**Prompt:** Lines before the one containing "Gift Wrap | Yellow & Blue | Gingham" are excluded; retype that line and all remaining lines of the material exactly.
══════════
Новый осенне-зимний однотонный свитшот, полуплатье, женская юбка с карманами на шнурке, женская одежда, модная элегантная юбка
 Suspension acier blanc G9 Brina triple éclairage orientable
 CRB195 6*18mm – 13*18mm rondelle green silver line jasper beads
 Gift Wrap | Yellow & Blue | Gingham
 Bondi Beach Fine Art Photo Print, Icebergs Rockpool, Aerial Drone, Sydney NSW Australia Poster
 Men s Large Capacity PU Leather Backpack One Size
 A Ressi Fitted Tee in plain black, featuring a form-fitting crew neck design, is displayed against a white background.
══════════
**Written solution:**
 Gift Wrap | Yellow & Blue | Gingham
 Bondi Beach Fine Art Photo Print, Icebergs Rockpool, Aerial Drone, Sydney NSW Australia Poster
 Men s Large Capacity PU Leather Backpack One Size
 A Ressi Fitted Tee in plain black, featuring a form-fitting crew neck design, is displayed against a white background.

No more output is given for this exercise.